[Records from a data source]
● ● ●

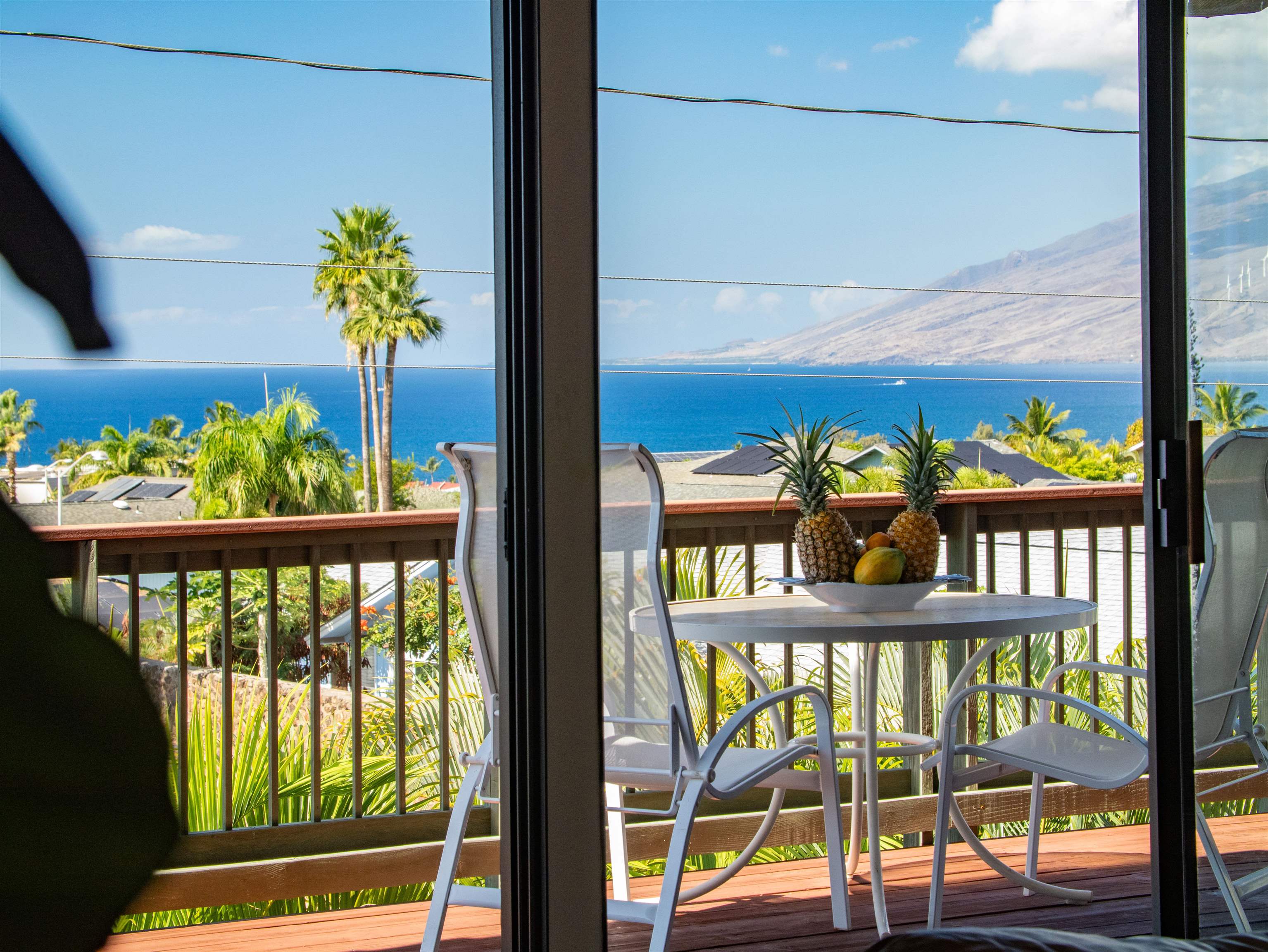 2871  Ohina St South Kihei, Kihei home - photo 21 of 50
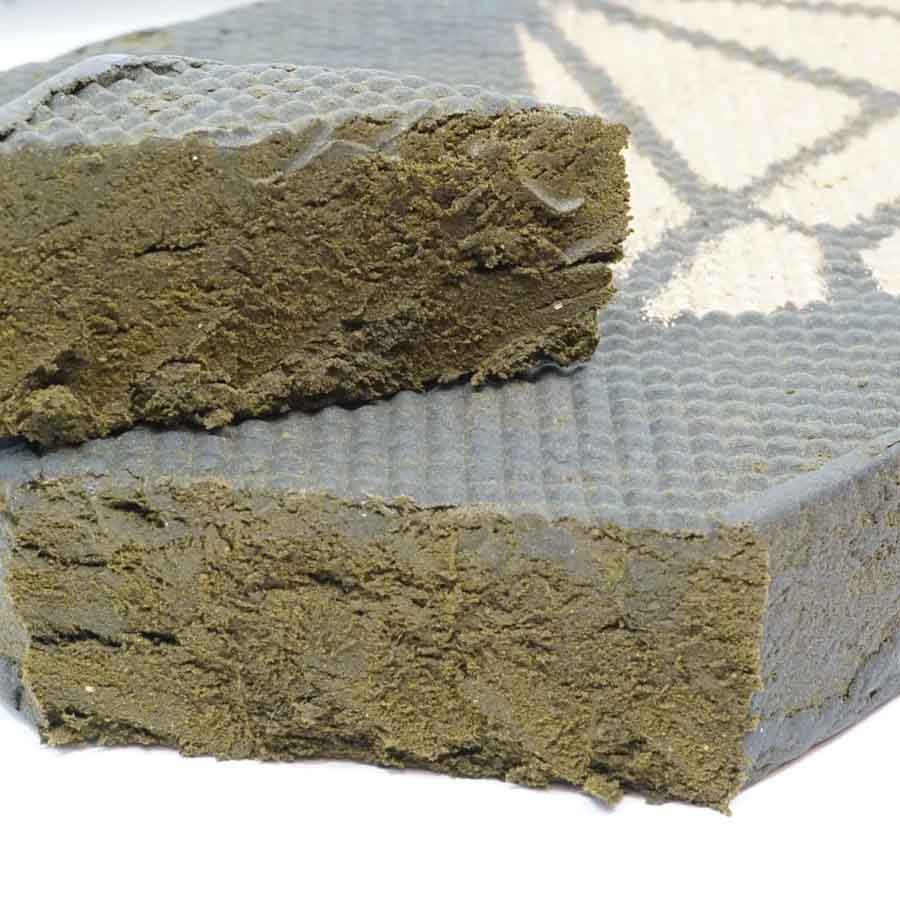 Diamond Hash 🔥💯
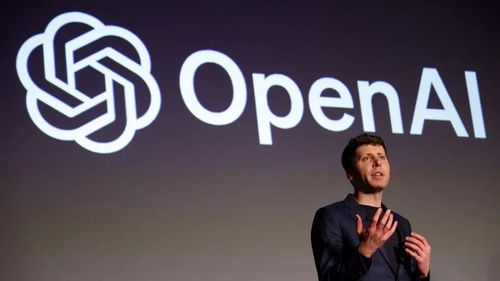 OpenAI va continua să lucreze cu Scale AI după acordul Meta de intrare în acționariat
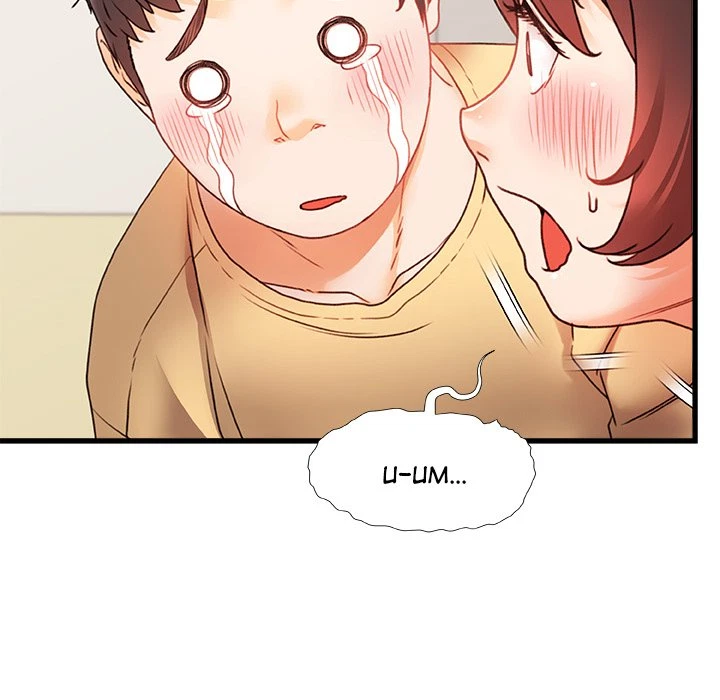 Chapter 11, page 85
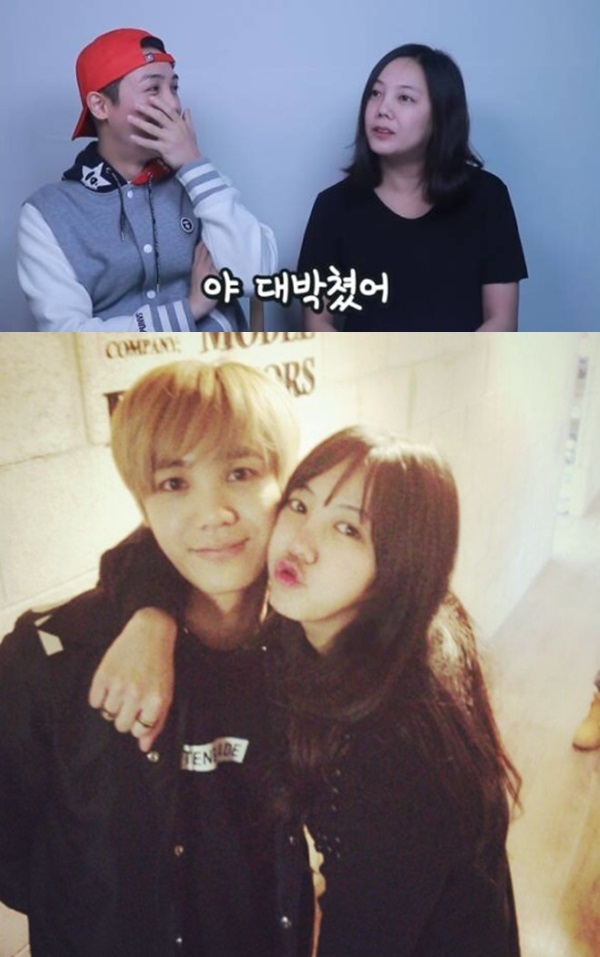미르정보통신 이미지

● ● ●

About this task - Please retype the records above exactly, but leave out any pictures.

Output of the task -
 2871  Ohina St South Kihei, Kihei home - photo 21 of 50
 Diamond Hash 🔥💯
 OpenAI va continua să lucreze cu Scale AI după acordul Meta de intrare în acționariat
 Chapter 11, page 85
미르정보통신 이미지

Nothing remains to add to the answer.